I want to be wrong.
So often writers and people in general second guess everything, especially what they write. They then cross it out, erase it, work around it or completely rewrite it. After you do this for so long, you eventually just handle the process in your head without realizing it. You begin to think of every word, sentence, and part of grammar before you write it.
–R.I.P Paragraph that I wrote and erased–
Now it may be safe, but it’s not healthy for a writer to do so. It disconnects you from a flow of writing which is much more important than the flow of thinking. – In which case that would make you a philosopher, not a writer –
Moreover, you would surely agree that writers learn from their mistakes and though they may still make them in their minds, they are not acknowledging them, learning from them or are able to look back at them and see where the mind strayed off track.

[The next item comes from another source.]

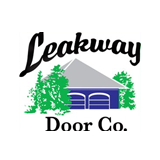 Leakway Door Company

The ability to not only learn from mistakes, but actually play with them, develop with them and write with them allows the writer to explore purity. I say purity because everything that you have ignored, every angle you avoided writing from, every idea that you felt went off the story line has never been touched or tampered with and so it remains pure.
After you write for some time, you will learn that what most people want to read is pure writing and to find pure writing, you have to do the manual labor of writing on ideas that you would normally and subconsciously cross out or erase.
I always say, if hair on your chest makes you a man, scribbles and crossed out words makes you a writer.